B子さん「そうだ、A知ってる? D子さん、マンション売るんだって」
Aさん「え? あの9,000万円の高級タワーマンション?」
B子さん「そう。なにか事情でもあるのかしらね」
Aさん「……なにかおかしくないか?」
Aさんが違和感を覚えて調べてみると、D子さんに散財癖があることが発覚。ブランドもののバッグや洋服を買いあさったりと、昔からCの財産を浪費していたことが分かったのです。
更には、AさんとB子さんはキャッシュでマンションを購入したと聞いていましたが、それも嘘でした。実は高額のローン(5000万円)があると判明したのです。
Aさん・B子さん「ちょっとD子さん、これはどういうこと? これじゃCがあんまりに浮かばれないじゃない!」
AさんとB子さんが問い詰めても、D子さんはどこ吹く風といった様子でそっぽを向いてしまいます。
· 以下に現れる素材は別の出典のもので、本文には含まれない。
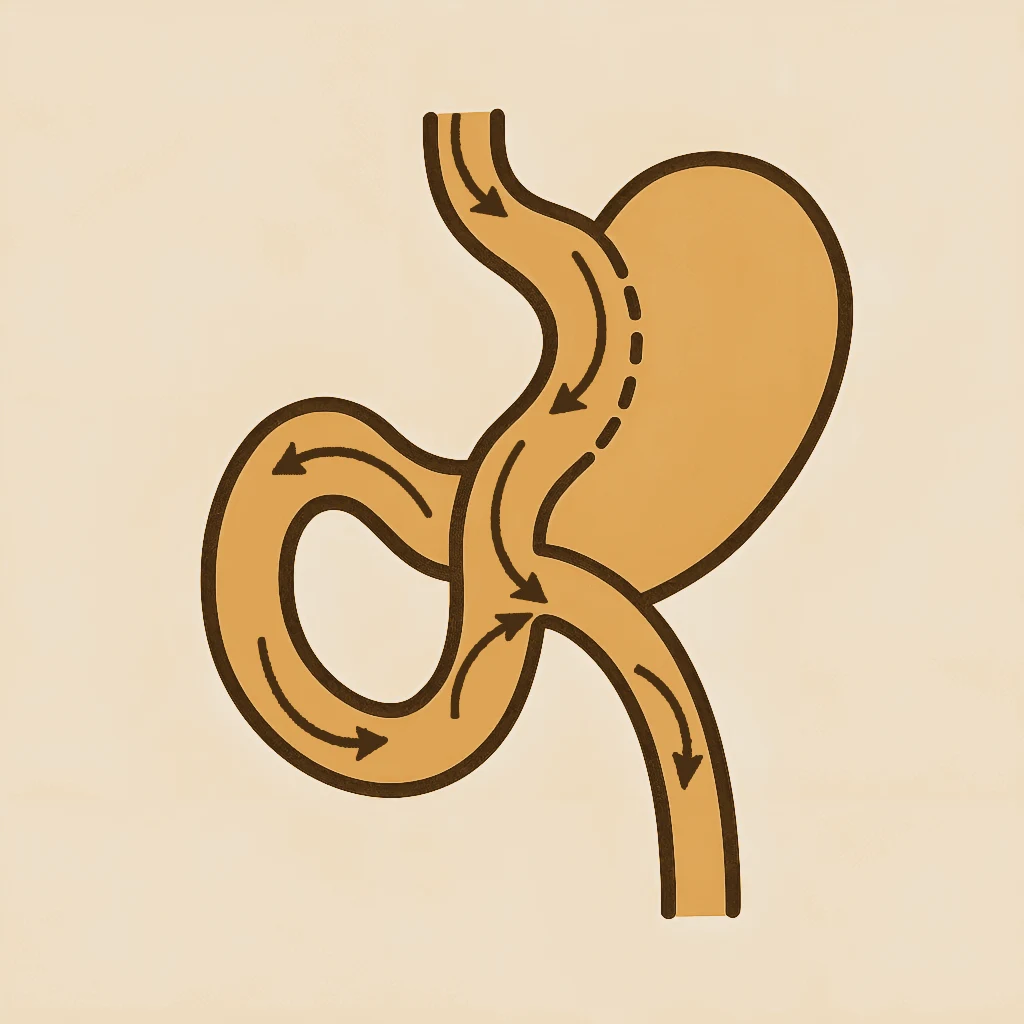 Mini gastric bypass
D子さん「でも、義兄さんも義姉さんも、遺産はいらないと言ったじゃないですか。今更いわれたって知りませんよ」
Aさん「だが、俺たちはCの大学進学のために、昔から色々やってきたんだ。ローンの支払いで残った分はせめて、きちんと遺産分割をするべきなんじゃないのか?」
B子さん「そうよ、Cのお金を食いつぶすだけ食いつぶして! あんまりにCが不憫だわ!」
過去Cに資金援助をした事実を引き合いに出すと、D子さんは耐えかねたように声を荒げます。
D子さん「あなた方は遺産はいらないってハッキリ言いましたよね? それを蒸し返されたって知りませんよ!!」
Aさん・B子さん「書面にはしていない! 遺産分割は口約束の状態なんだから、あんなのは無効だ!」
三人の激論は何時間も続き、夜になっても決着はつかなかったといいます。
解説:口頭による遺産分割協議は有効か?
口約束による遺産分割協議が論点ですね。遺産分割協議は様式を問わないので、口頭による遺産分割協議も成立します。
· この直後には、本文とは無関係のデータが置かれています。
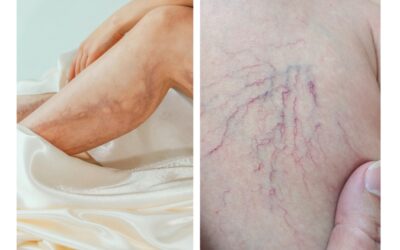 Symptoms of Spider Veins vs Varicose Veins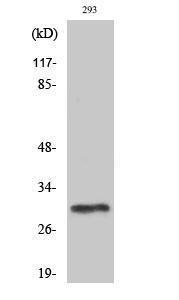 Anti-PIGX Rabbit Polyclonal Antibody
しかし、書面に残していない場合には、その有効性を証明することができません。Dさんが、いくら「口頭で決めたじゃない!」と主張しても残念ながら証明する術がないのです。
そのため、訴訟を起こしても、調停に持ち込んでも、認められる可能性は限りなく低い状況かと思います。
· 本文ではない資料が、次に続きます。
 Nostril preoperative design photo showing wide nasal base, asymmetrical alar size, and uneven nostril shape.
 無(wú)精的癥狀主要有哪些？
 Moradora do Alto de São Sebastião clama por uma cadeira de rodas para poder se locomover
このようなトラブルを防ぐためにも、遺産の分け方を決める際には、プラスの財産とマイナスの債務の両方を相続人全員で必ず確認し、分け方を決めたら、遺産分割協議書という書面に残しておくことをおすすめします。遺産分割協議書には署名と実印での押印を行い、印鑑証明書も一緒に保管しましょう。